Fracking Contamination ‘Will Get Worse’

by Duane Nichols on December 21, 2011

An expert in tracking leaking methane from oil and gas wells says a groundbreaking U.S. federal study on hydraulic fracturing highlights not only an old and growing problem, but the need for tighter regulations in the shale gas industry.

“The shale gas boom combined with hydraulic fracking will cause wellbores to leak more often than run-of-the-mill conventional wells,” says Karlis Muehlenbachs, a geochemist at the University of Alberta. “The problem is going to get worse, not better.”

EPA’s recent report on Pavillion, Wyoming, concluded that:  ”Surface casing of gas production wells do not extend below the maximum depth of domestic wells in the area of investigation.” That means methane, which is lighter than air, could leak or migrate up the wellbore towards shallower domestic water wells.

Muehlenbachs, said that they’ll frack each well up to 20 times. “Each time the pressure will shudder and bang the pipes in the wellbore.
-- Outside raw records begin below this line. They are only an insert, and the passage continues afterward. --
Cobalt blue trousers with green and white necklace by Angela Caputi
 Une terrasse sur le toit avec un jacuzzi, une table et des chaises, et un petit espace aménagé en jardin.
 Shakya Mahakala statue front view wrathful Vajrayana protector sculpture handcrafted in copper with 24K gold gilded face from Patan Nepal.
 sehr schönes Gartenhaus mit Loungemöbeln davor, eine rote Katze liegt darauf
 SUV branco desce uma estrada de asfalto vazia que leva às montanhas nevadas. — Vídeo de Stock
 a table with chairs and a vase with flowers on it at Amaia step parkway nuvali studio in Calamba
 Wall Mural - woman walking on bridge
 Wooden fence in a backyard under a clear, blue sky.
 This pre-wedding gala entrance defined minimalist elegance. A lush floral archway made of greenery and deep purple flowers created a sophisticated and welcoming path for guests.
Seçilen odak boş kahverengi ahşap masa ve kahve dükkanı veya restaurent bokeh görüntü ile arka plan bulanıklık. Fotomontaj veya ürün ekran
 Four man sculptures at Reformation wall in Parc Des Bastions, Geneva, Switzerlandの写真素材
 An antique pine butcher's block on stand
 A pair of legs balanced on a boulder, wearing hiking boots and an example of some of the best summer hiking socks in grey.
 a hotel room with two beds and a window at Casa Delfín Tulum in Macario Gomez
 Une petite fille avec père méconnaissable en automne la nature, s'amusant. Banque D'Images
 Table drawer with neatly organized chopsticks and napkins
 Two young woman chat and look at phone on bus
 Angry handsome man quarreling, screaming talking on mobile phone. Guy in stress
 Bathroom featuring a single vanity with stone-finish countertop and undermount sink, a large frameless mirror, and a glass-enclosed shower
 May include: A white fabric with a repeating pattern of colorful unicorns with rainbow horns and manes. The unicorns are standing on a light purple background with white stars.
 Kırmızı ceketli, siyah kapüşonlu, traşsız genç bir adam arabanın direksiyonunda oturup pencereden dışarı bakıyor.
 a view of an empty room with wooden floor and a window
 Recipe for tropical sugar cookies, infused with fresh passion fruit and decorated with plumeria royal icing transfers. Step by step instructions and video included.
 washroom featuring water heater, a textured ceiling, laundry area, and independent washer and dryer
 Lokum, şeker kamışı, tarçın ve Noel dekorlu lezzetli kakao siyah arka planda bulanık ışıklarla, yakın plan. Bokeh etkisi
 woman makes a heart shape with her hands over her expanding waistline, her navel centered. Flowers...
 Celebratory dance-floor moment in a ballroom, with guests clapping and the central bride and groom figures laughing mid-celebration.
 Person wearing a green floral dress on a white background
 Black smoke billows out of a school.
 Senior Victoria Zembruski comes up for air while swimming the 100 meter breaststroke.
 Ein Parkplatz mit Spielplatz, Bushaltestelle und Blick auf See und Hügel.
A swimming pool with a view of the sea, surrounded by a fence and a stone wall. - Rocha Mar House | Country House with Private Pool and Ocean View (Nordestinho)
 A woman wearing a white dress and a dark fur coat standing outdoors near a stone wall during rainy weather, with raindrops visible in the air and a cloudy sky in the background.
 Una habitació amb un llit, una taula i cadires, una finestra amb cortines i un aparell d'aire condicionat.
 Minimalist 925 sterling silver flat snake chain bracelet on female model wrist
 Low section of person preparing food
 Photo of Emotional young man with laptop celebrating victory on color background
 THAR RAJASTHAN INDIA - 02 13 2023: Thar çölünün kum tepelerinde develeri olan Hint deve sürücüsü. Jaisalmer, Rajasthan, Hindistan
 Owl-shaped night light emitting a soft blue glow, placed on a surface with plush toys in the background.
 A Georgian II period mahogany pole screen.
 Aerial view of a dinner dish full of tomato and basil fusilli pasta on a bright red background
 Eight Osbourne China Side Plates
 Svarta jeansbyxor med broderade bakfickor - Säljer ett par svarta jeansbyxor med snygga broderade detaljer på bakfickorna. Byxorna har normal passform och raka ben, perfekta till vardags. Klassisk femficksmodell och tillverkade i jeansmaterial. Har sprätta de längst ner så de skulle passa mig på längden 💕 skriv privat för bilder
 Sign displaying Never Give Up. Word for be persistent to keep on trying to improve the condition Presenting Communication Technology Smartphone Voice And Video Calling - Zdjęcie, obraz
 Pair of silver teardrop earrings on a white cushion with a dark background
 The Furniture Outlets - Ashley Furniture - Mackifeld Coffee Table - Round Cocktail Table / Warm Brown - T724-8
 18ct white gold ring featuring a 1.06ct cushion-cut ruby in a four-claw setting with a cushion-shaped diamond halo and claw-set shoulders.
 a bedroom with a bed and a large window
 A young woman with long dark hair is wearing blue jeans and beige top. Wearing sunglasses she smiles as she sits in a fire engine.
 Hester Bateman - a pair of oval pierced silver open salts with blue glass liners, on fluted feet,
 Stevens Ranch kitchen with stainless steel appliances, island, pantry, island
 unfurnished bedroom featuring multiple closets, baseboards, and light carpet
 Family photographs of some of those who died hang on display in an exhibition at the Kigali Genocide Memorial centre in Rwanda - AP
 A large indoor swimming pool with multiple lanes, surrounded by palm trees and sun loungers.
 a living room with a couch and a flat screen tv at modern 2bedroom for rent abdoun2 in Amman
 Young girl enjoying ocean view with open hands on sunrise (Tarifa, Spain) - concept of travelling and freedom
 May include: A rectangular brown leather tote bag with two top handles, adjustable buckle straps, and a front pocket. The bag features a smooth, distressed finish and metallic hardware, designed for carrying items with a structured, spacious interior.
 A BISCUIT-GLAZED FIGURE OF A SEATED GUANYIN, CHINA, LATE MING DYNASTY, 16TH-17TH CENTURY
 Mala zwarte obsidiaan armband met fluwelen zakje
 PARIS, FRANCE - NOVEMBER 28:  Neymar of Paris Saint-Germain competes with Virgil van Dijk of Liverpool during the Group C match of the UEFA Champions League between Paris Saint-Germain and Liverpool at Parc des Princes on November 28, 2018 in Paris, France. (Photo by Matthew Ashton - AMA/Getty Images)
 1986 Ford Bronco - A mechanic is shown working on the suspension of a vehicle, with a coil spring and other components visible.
The cement is hard and the steel is soft. If you do it all the time you are going to break bonds and cause leaks. It’s a real major issue.”

However, according to EnCarta Oil and Gas, the chemicals that EPA found in test wells drilled to understand drinking water problems near Pavillion, Wyoming, were not used in hydraulic fracturing.  The explanation of EnCarta is given in this recent news article. The company will be providing more details about the chemicals in question in comments on the draft report during the 45-day comment period that ends January 27, 2012.